=== PROMPT ===
Starting from the line that holds "Apartamenty Magia Gor", output exactly each line through the end of the listing. Do not copy pictures.

EXTRACTED RECORDS Start Marker

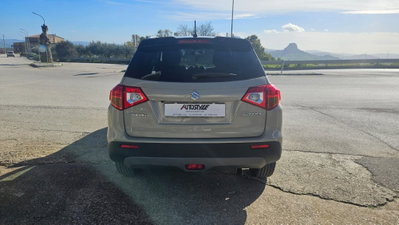 Suzuki Vitara 1.6 DDiS V-Top (4)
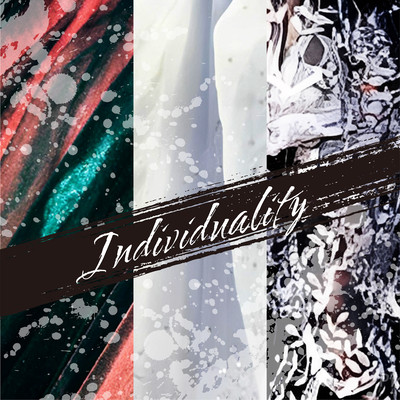 individuality Front Cover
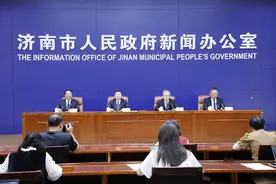 今年，济南中央商务区再建成商业商务载体80万平方米图片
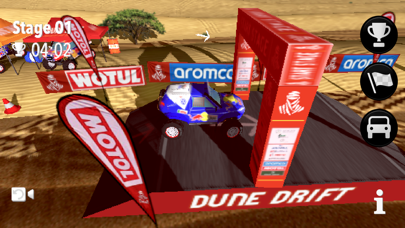 Screenshot #2 pour DuneDrift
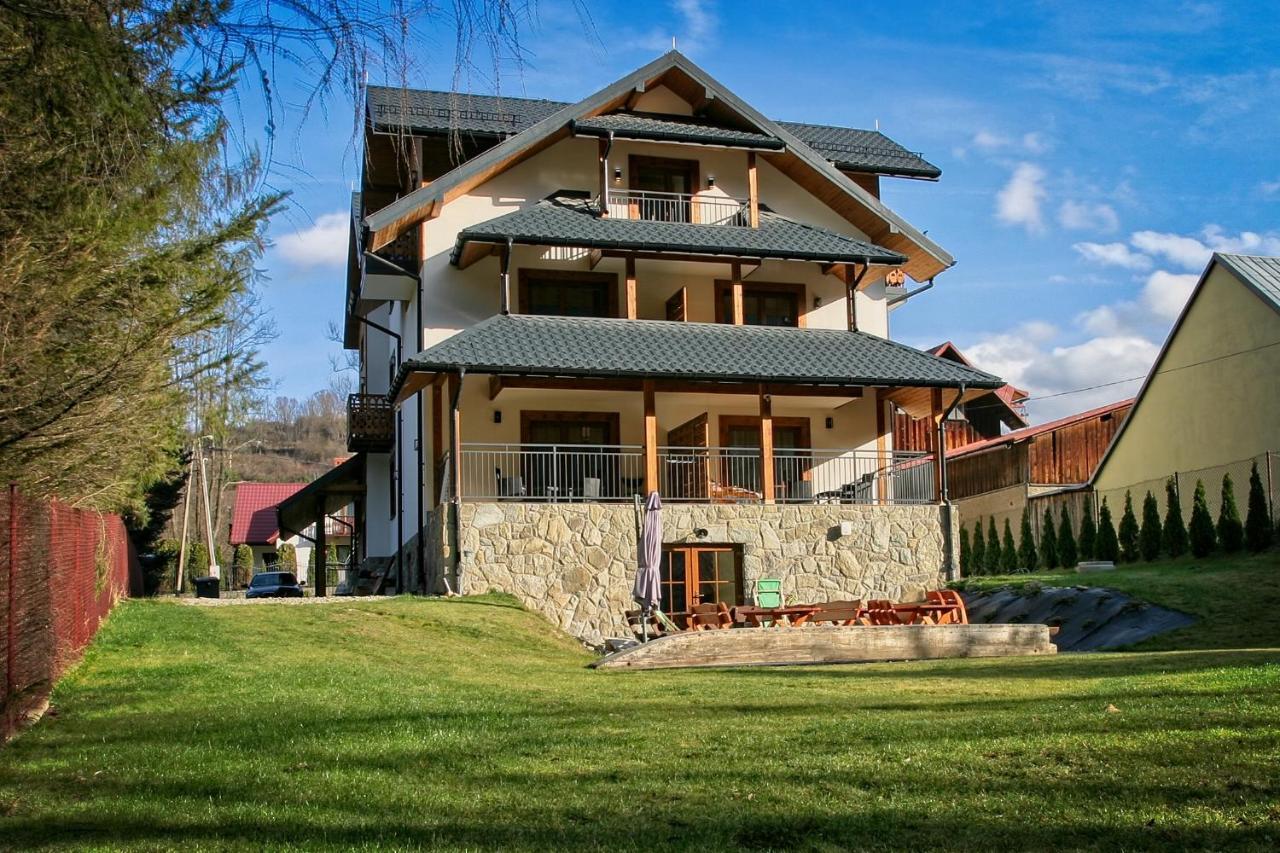 Apartamenty Magia Gor Szczawnica Exterior photo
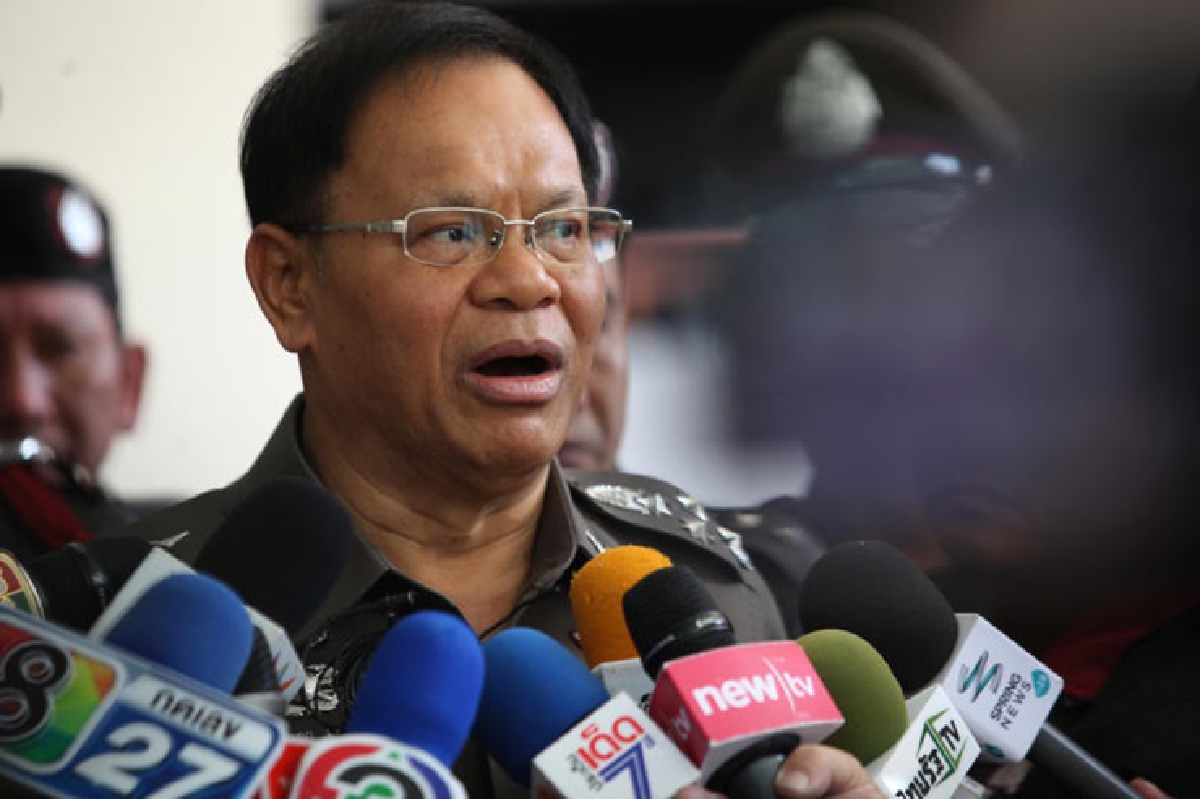 "ปัญญา"เผยคดีฆ่าหั่นศพคืบหน้า80% "ปัญญา"เผยคดีฆ่าหั่นศพคืบหน้า80%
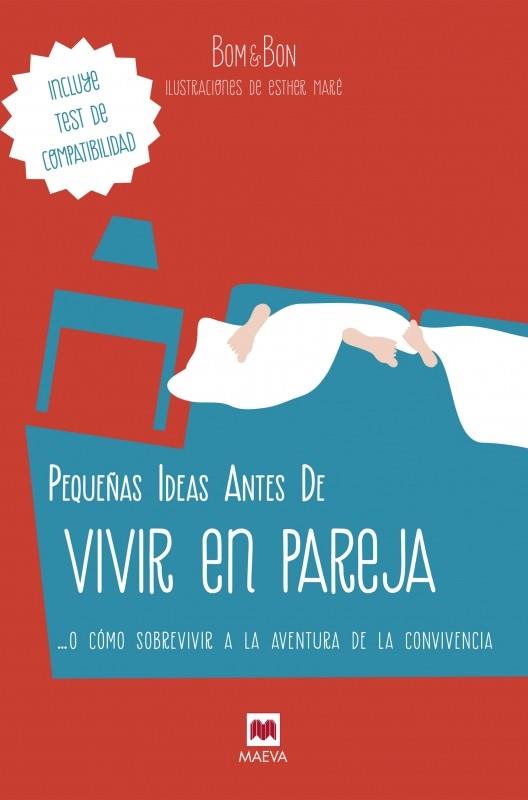 PEQUEÑAS IDEAS ANTES DE VIVIR EN PAREJA | 9788416363605 | BOM&BON | Llibres Parcir | Librería Parcir | Librería online de Manresa | Comprar libros en catalán y castellano online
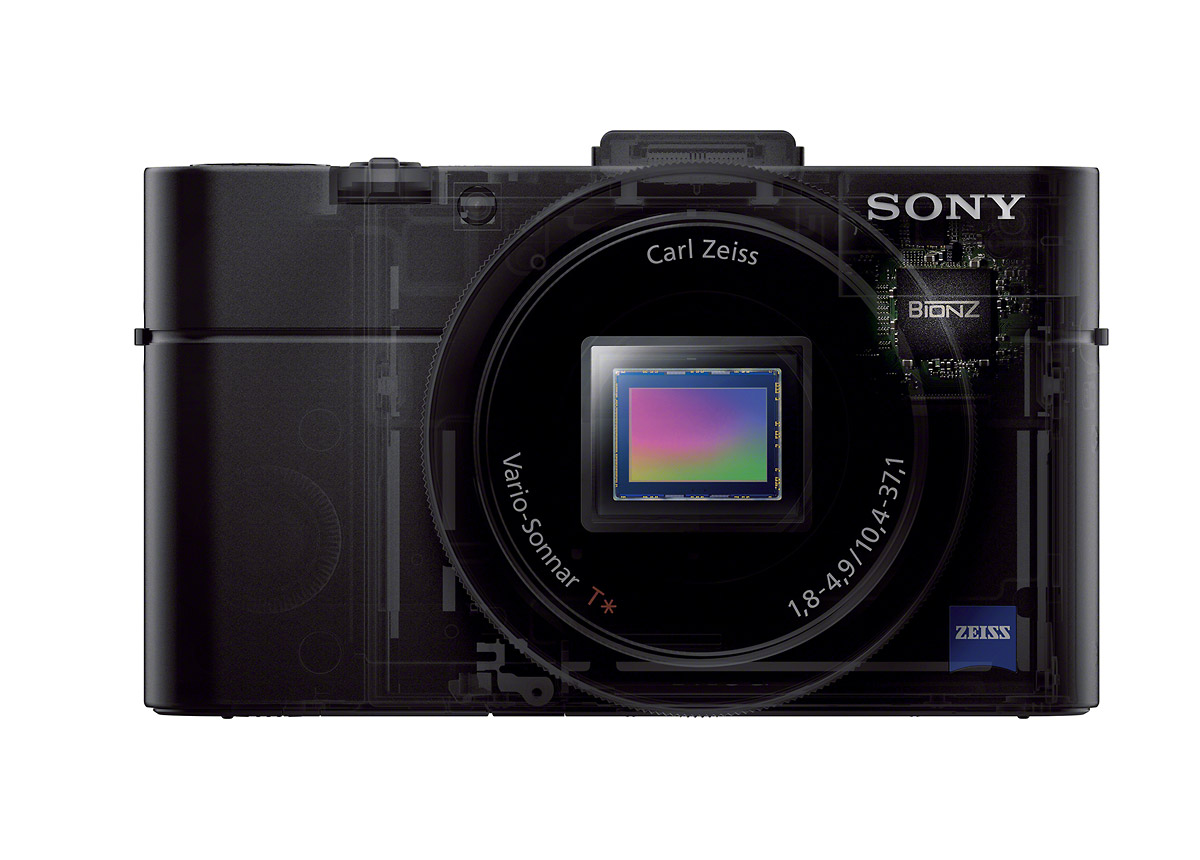 Sony RX100 V Coming With Hybrid AF Sensor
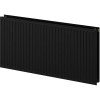 Mexen CVH20 Higiéniai lapos radiátor 500 x 3000 mm, alsó csatlakozás, 2842 W, fekete - W620H-050-300-70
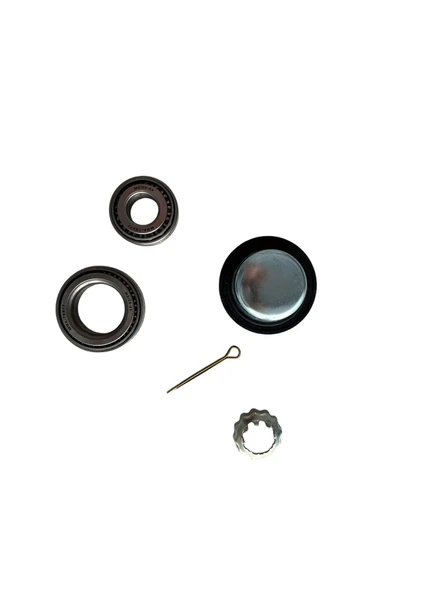 SKODA FAVORİT FELİCİA ARKA PORYA RULMAN SETİ ürün görseli 1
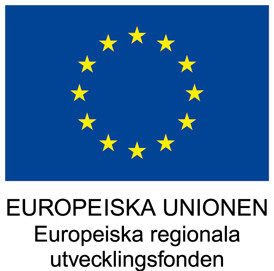 EU flagga regionalfonden hemsida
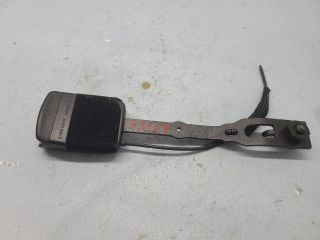 bontott RENAULT LAGUNA III Jobb első Biztonsági Öv Csat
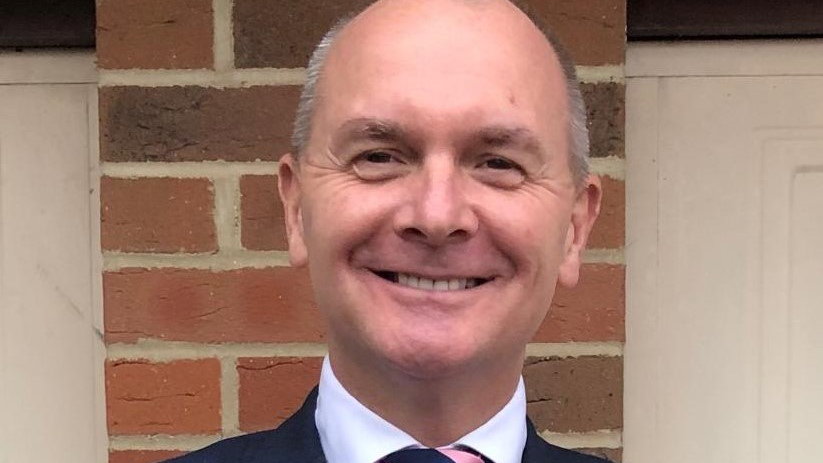 England Golf welcomes Jeremy Tomlinson as new CEO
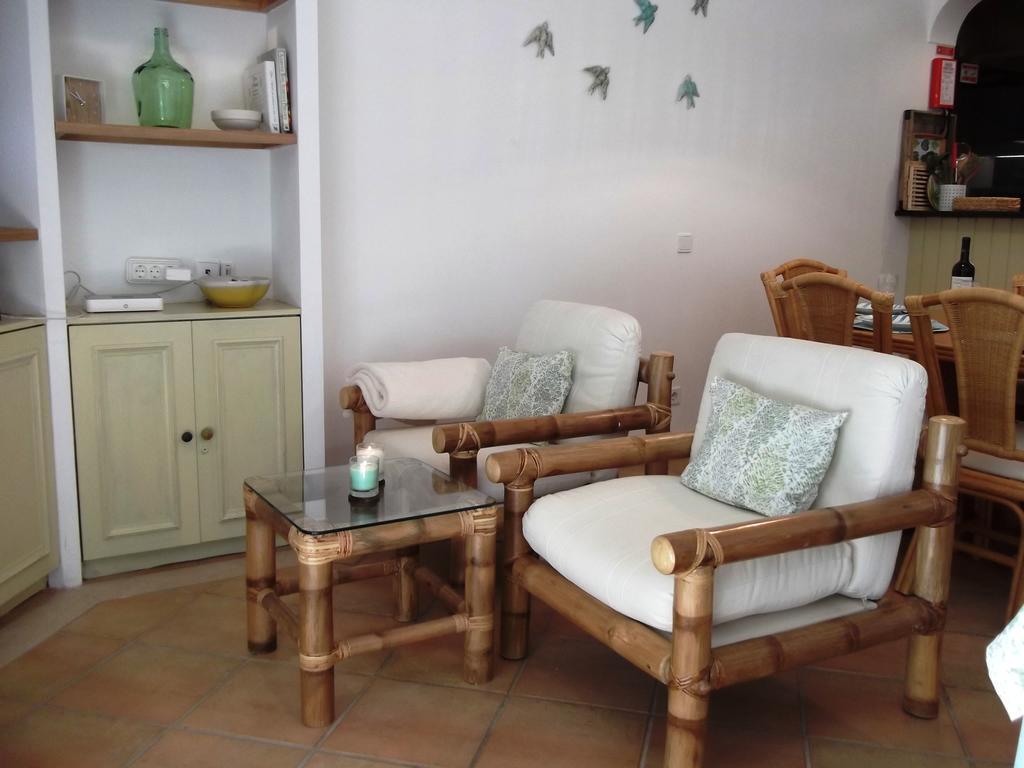 Cabana Da Ria Cabanas De Tavira Eksteriør billede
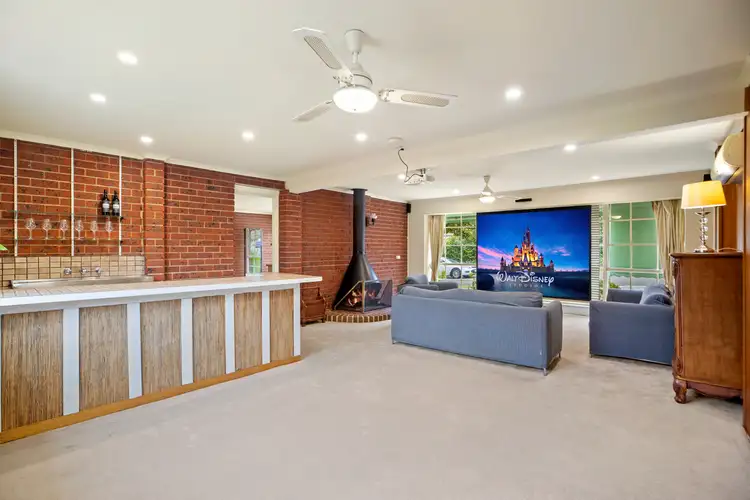 Fifth view of Homely house listing, 53 Strickland Drive, Wheelers Hill VIC 3150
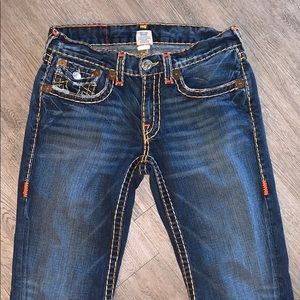 True Religion Super T size 32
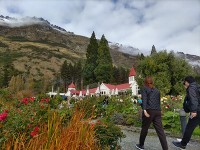 TSS Earnslaw Cruise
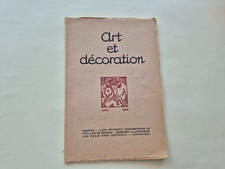 Art decoration avril d'occasion  Palavas-les-Flots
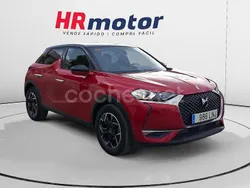 Rojo Usado 2021 DS Automobiles DS3 Crossback So Chic SUV | 14.290 € (Precio justo)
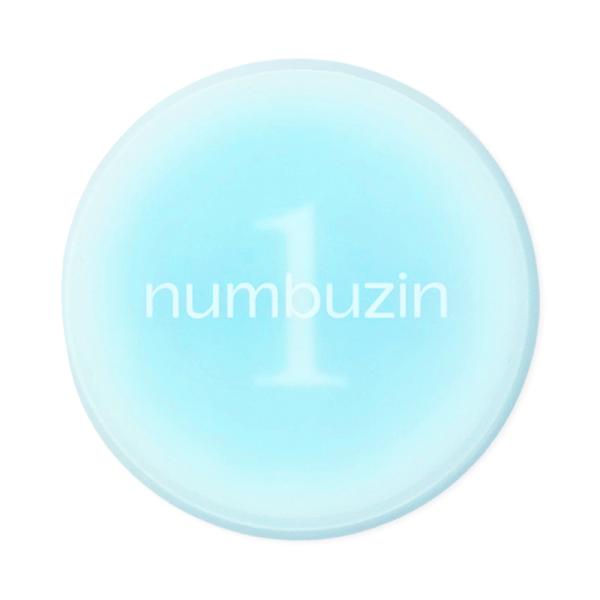 numbuzin ナンバーズイン 1番 パントテン酸スキンケア100フィルターパウダー 7g 皮脂コ...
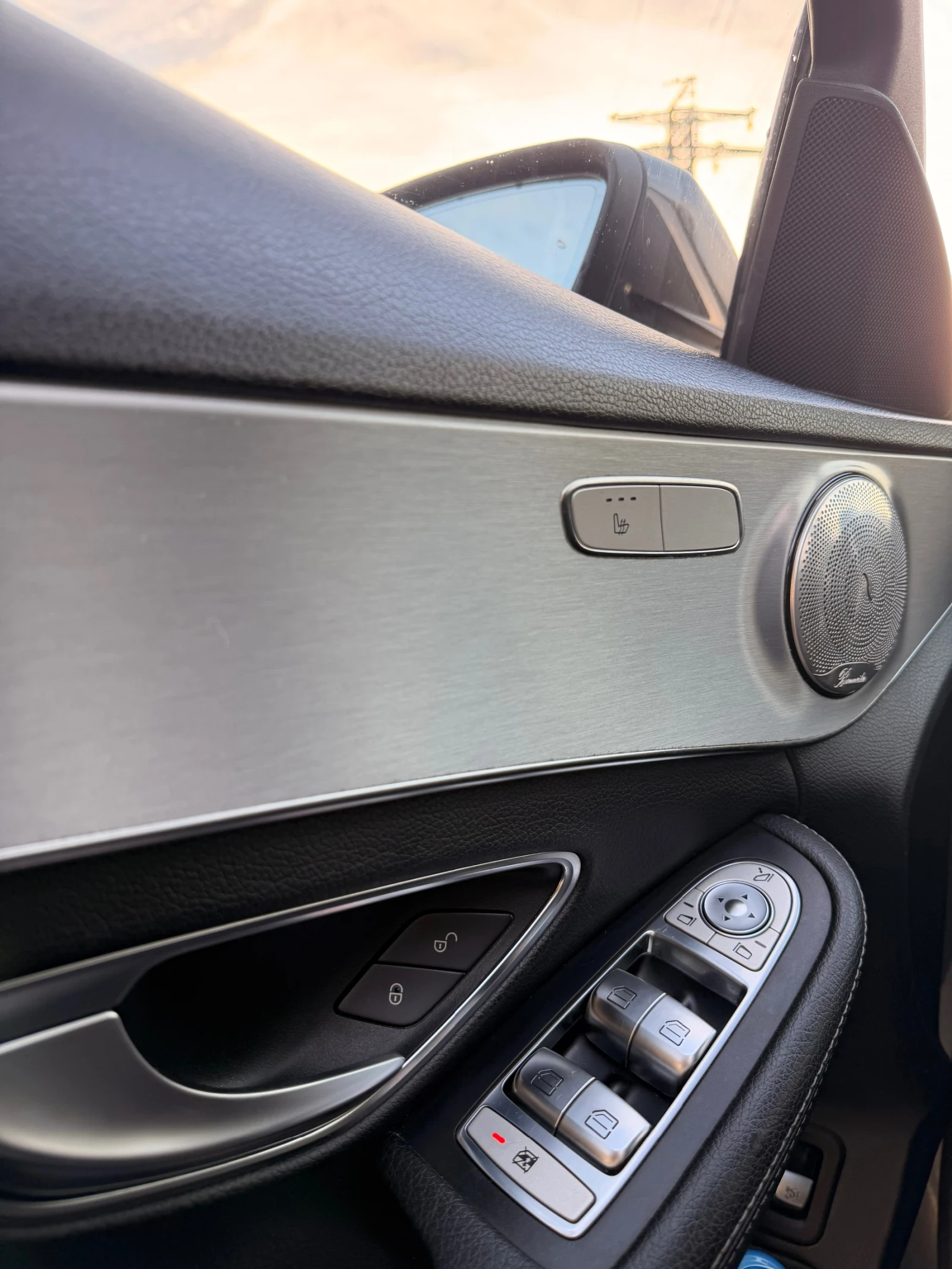 Mercedes-Benz C 250 AMG LINE | Mobile.bg   8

EXTRACTED RECORDS End Marker

=== YOUR SOLUTION ===
 Apartamenty Magia Gor Szczawnica Exterior photo
 "ปัญญา"เผยคดีฆ่าหั่นศพคืบหน้า80% "ปัญญา"เผยคดีฆ่าหั่นศพคืบหน้า80%
 PEQUEÑAS IDEAS ANTES DE VIVIR EN PAREJA | 9788416363605 | BOM&BON | Llibres Parcir | Librería Parcir | Librería online de Manresa | Comprar libros en catalán y castellano online
 Sony RX100 V Coming With Hybrid AF Sensor
 Mexen CVH20 Higiéniai lapos radiátor 500 x 3000 mm, alsó csatlakozás, 2842 W, fekete - W620H-050-300-70
 SKODA FAVORİT FELİCİA ARKA PORYA RULMAN SETİ ürün görseli 1
 EU flagga regionalfonden hemsida
 bontott RENAULT LAGUNA III Jobb első Biztonsági Öv Csat
 England Golf welcomes Jeremy Tomlinson as new CEO
 Cabana Da Ria Cabanas De Tavira Eksteriør billede
 Fifth view of Homely house listing, 53 Strickland Drive, Wheelers Hill VIC 3150
 True Religion Super T size 32
 TSS Earnslaw Cruise
 Art decoration avril d'occasion  Palavas-les-Flots
 Rojo Usado 2021 DS Automobiles DS3 Crossback So Chic SUV | 14.290 € (Precio justo)
 numbuzin ナンバーズイン 1番 パントテン酸スキンケア100フィルターパウダー 7g 皮脂コ...
 Mercedes-Benz C 250 AMG LINE | Mobile.bg   8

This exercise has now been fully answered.